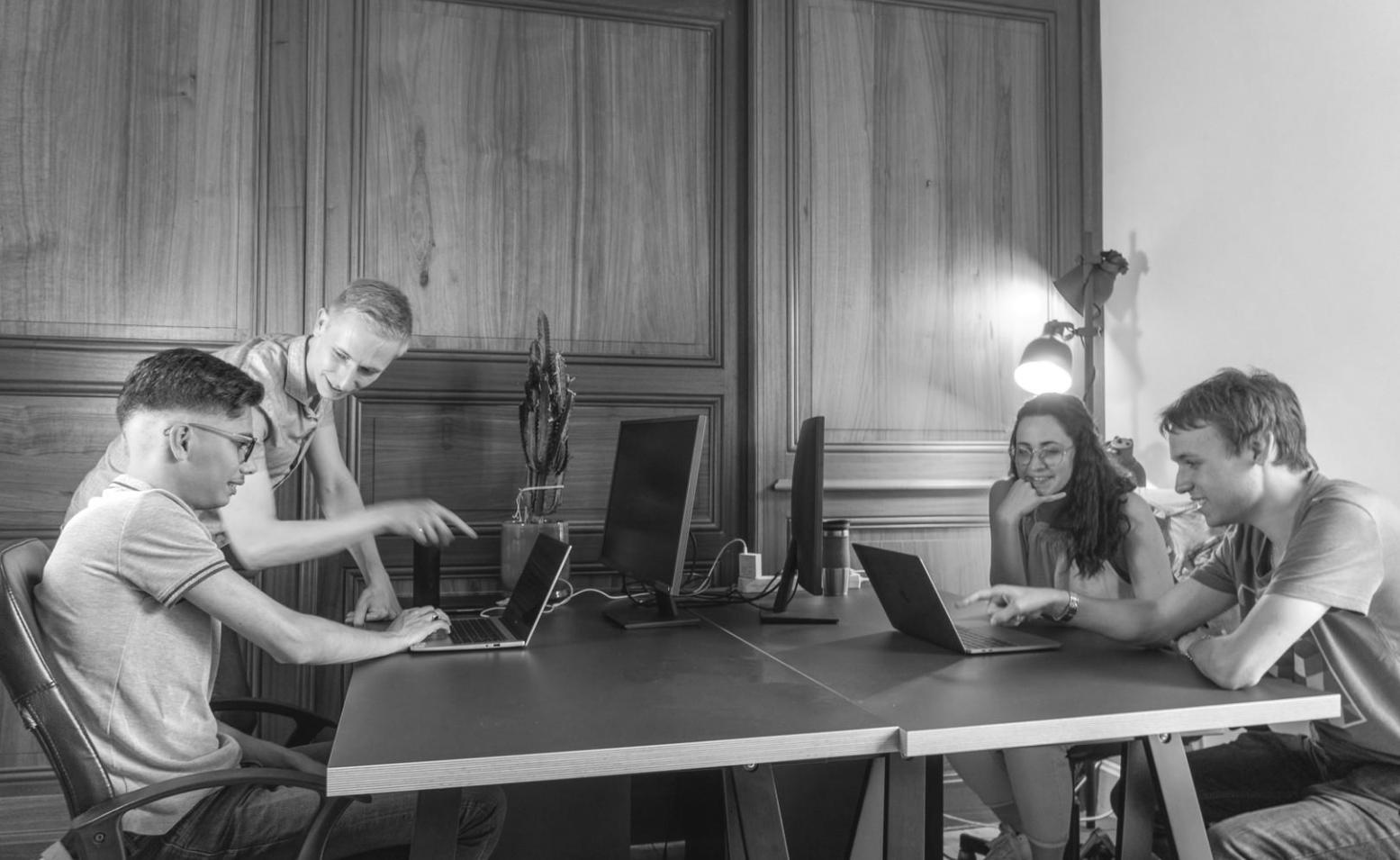 Person reviewing financial documents with structured research materials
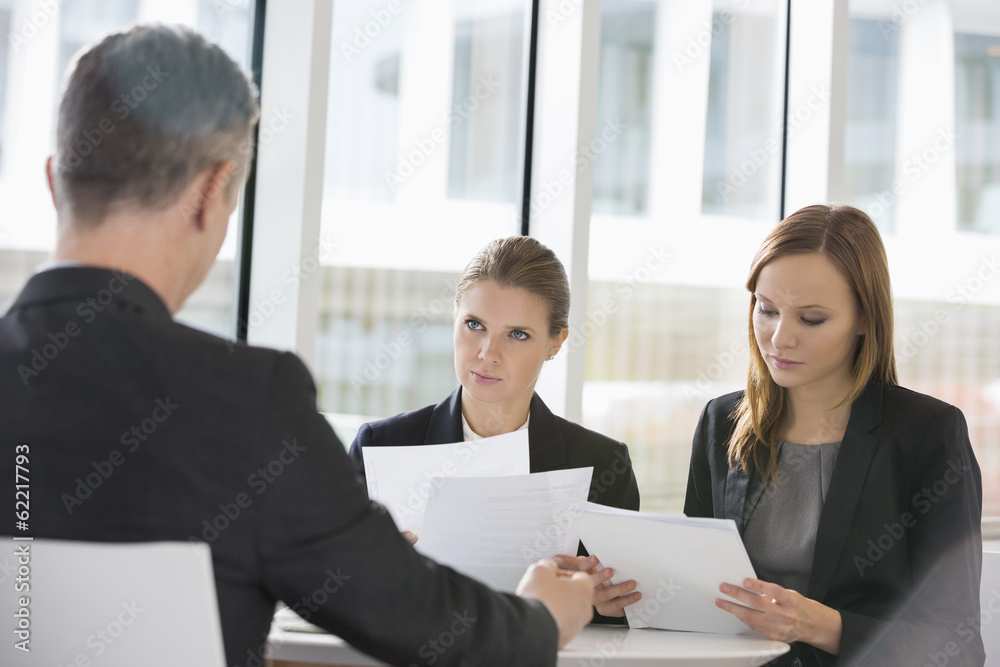 Business people discussing paperwork in office cafeteria Business people discussing paperwork in office cafeteria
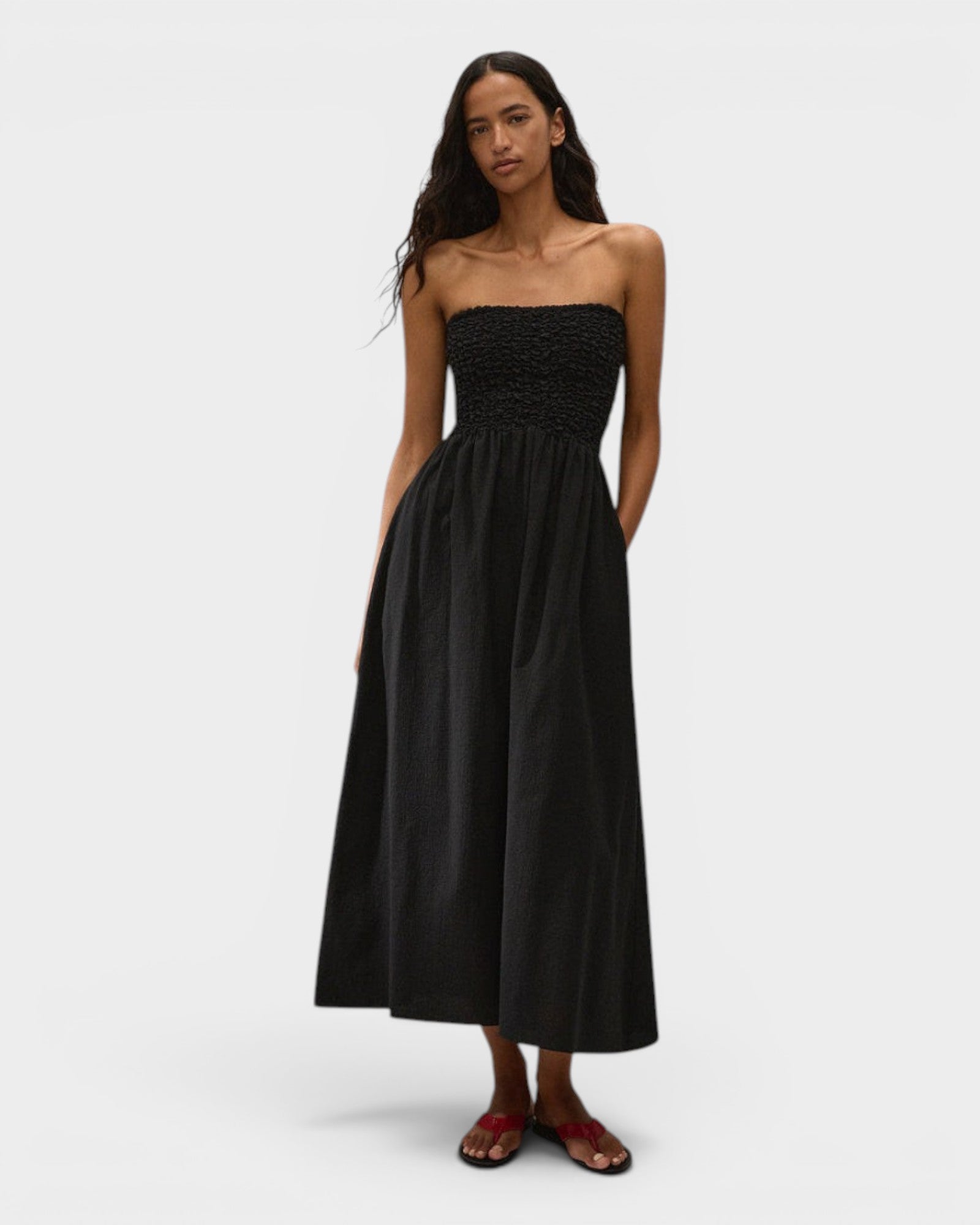 Model wearing JONES + CO black strapless midi dress in stretch-cotton with a smocked bodice and side pockets.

What you have to do -> Reproduce the whole listing above word for word, dropping each image.

Solution for this problem ->
 Person reviewing financial documents with structured research materials
 Business people discussing paperwork in office cafeteria Business people discussing paperwork in office cafeteria
 Model wearing JONES + CO black strapless midi dress in stretch-cotton with a smocked bodice and side pockets.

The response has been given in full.